Vegas has a rich set of tools that makes it comparatively easy to "fix" less than prestine videos. People may think you're some like of wizard or sorcerer turning garbage into something far better than the original.
pelladon wrote on 12/19/2003, 9:32 AM
Everyone makes good points, bottom line is quality is influenced by, everything (lighting, sound, lenses, camera equipment, post-production, cast and crew).

How much time/money do you want to spend?

I attended the "Producing Digital Hollywood" class held at DV Expo West and that was the jist of Eric Galler's seminar.

Oops, getting back on topic :), just read a letter in DV magazine, how Ben Waggoner responds that going from DV to MPEG-2 can cause problems with highly saturated elements in high motion. This is because DV is 4:1:1 and MPEG-2 has the 4:2:0 color space. The combined effect leaves you with 4:1:0, which can result in blocky artifacts.

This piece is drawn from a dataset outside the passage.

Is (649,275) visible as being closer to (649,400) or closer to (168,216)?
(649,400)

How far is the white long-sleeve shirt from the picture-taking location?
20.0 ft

No easy fixes either.
kameronj wrote on 12/19/2003, 12:18 PM
If it were me.....and this is just me....I'd turn to the clients and simply say:

Laaa - laaaa - laaaaa - laaaaa!!! Joey Buttafuco over here!!!
jducasse wrote on 12/19/2003, 12:50 PM
Thanks for the free therapy guys and Happpy Holidays. My wish this year is that Sony can convince third party hardware vendors to make stuff that are 100% Vegas Compliant.
I saw an guy at B&H using Adobe Premiere with a MAtrox card and the Real time preview was fantabulos
farss wrote on 12/19/2003, 1:46 PM
All of the above is of course entirely true. Probably what your client has is (again!) some garbled input. IF they had something that was done right to start with and they distirbuted it on VHS THEN yes outputting to DVD would make it look better THAN it did on VHS.

I have no real technical explaination of the following but one thing I have noticed is this... If you start with something a bit substandard and put it through several less than optimal processes (say editing it on VHS) then it gets much worse very quickly. If its 100% to start with it'll fare much better through the same process.

As I said I have no real techinical explanation for this but I've seen it happen so many times, clients thinks their old home videos on worn out VHS should only need low bit rate mpeg encoding so they can squash as much as possible onto the one DVD yet that's exactly the sort of footage that needs the best quality encoding and preprocessing.